The idea behing partitioning isn't to use multiple servers but to use multiple tables instead of one table. You can divide a table into many tables so that you can have old data in one subtable and new data in another table. Then the database can optimize queries where you ask for new data knowing that they are in the second table. What's more, you define how the data is partitioned.

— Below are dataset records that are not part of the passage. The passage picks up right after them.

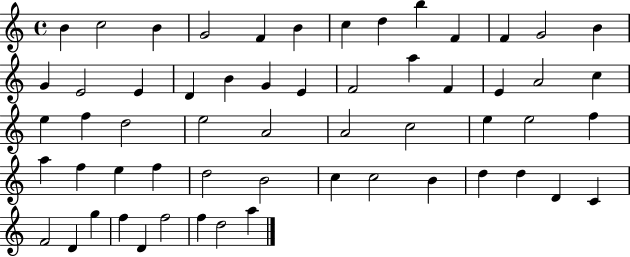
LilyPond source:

{
  \clef treble
  \time 4/4
  \defaultTimeSignature
  \key c \major
  b'4 c''2 b'4 | g'2 f'4 b'4 | c''4 d''4 b''4 f'4 | f'4 g'2 b'4 | \break g'4 e'2 e'4 | d'4 b'4 g'4 e'4 | f'2 a''4 f'4 | e'4 a'2 c''4 | \break e''4 f''4 d''2 | e''2 a'2 | a'2 c''2 | e''4 e''2 f''4 | \break a''4 f''4 e''4 f''4 | d''2 b'2 | c''4 c''2 b'4 | d''4 d''4 d'4 c'4 | \break f'2 d'4 g''4 | f''4 d'4 f''2 | f''4 d''2 a''4 | \bar "|."
}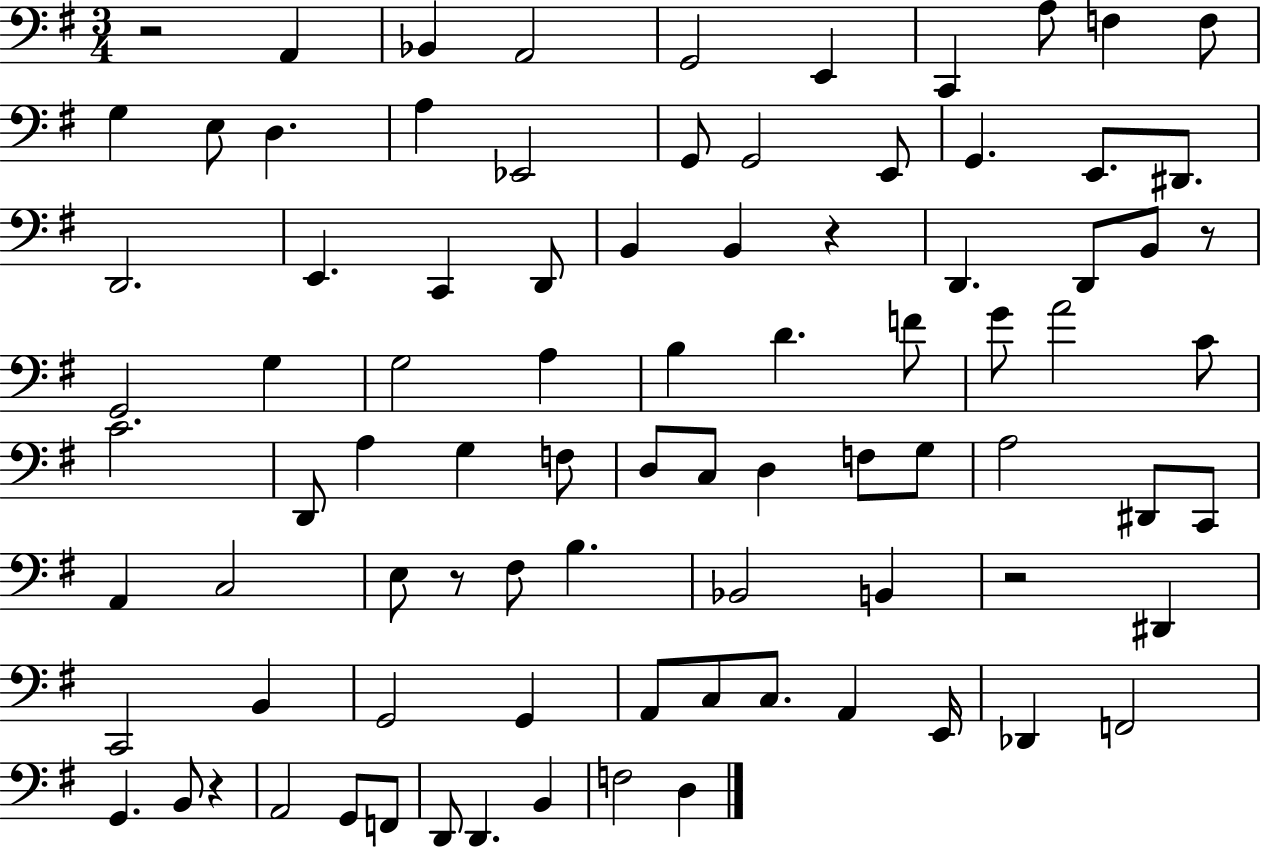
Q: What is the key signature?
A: G major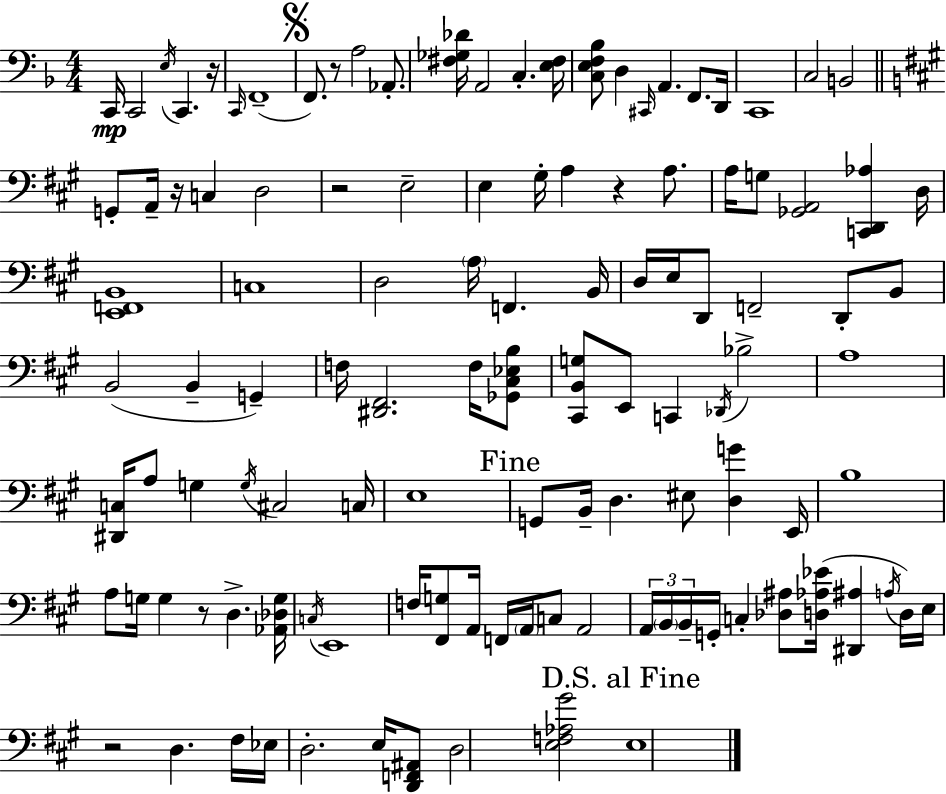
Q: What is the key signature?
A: F major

simple example from the MySQL documentation:
CREATE TABLE employees (
id INT NOT NULL,
fname VARCHAR(30),
lname VARCHAR(30),
hired DATE NOT NULL DEFAULT '1970-01-01',
separated DATE NOT NULL DEFAULT '9999-12-31',
job_code INT,
store_id INT
)
PARTITION BY RANGE ( YEAR(separated) ) (
PARTITION p0 VALUES LESS THAN (1991),
PARTITION p1 VALUES LESS THAN (1996),
PARTITION p2 VALUES LESS THAN (2001),
PARTITION p3 VALUES LESS THAN MAXVALUE
);
This allows to speed up e.g.:
Dropping old data by simple:
ALTER TABLE employees DROP PARTITION p0;
Database can speed up a query like this:
SELECT COUNT(*) FROM employees WHERE separated BETWEEN '2000-01-01' AND '2000-12-31' GROUP BY store_id;
knowing that all data is stored only on the p2 partition.